Introducing Dr Love, who solves your relationship riddles in a confusing digital age
I have fallen head over heels in love with a guy I met over 3 months ago. Our eyes met at a venue, he came over to talk and, since then, our feelings have gotten stronger. We are both married though. I have been married for 12 years with 2 kids and he has been married for 5 years, with kids from a previous marriage. We started off flirting and messaging, but now drive together for meetings, meet for coffee and can't stay apart from each other. Our hearts literally stop when we are away. It's like we are soul mates. He believes what he is doing is wrong, and can't forgive himself for feeling this way. We both love our partners and don't want to hurt them, but we can't live without each other either. He tells me that he loves me a lot, but doesn't want to hurt his wife. If our partners were to find out, we would both lose everything. He doesn't want that to happen and I don't know what to do?
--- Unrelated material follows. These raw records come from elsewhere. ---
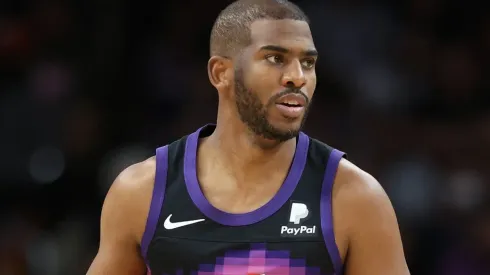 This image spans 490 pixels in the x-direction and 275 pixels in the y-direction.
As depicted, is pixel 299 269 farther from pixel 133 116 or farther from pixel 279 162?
pixel 133 116

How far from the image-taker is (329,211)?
3555 mm

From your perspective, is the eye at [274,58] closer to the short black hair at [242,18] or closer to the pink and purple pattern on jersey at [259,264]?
the short black hair at [242,18]

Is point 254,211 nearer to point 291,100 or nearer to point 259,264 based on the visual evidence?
point 259,264

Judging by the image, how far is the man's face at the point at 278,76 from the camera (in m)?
3.53

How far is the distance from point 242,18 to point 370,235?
0.97 m

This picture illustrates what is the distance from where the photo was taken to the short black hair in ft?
11.8

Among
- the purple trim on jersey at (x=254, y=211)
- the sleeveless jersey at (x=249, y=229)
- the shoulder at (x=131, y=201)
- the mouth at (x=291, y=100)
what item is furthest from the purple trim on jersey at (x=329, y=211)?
the shoulder at (x=131, y=201)

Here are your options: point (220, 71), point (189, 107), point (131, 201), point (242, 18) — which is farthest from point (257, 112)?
point (189, 107)

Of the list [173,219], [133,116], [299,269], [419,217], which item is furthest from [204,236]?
[133,116]

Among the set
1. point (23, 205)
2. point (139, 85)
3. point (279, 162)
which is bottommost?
point (23, 205)

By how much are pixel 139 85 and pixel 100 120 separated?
400mm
It seems as if you both want to have your cake and eat it too. I'm afraid there's nothing that can be done about this, simply because neither of you want to change your current situation before considering a new relationship. Without that, you are both cheating on the people you are married to. There really is no other way to say it. This is hardly a column that recommends adultery, so I suggest you both change the way your relationship evolves. If you can't stand the idea of being out of each other's lives, why can't you settle for being friends? If that isn't enough to make either of you happy, you will simply have to speak to your partners and come up with a solution. Talk about this, try and figure out what it will mean to both your families before making any decisions. Needless to say, it will be anything but a painless process.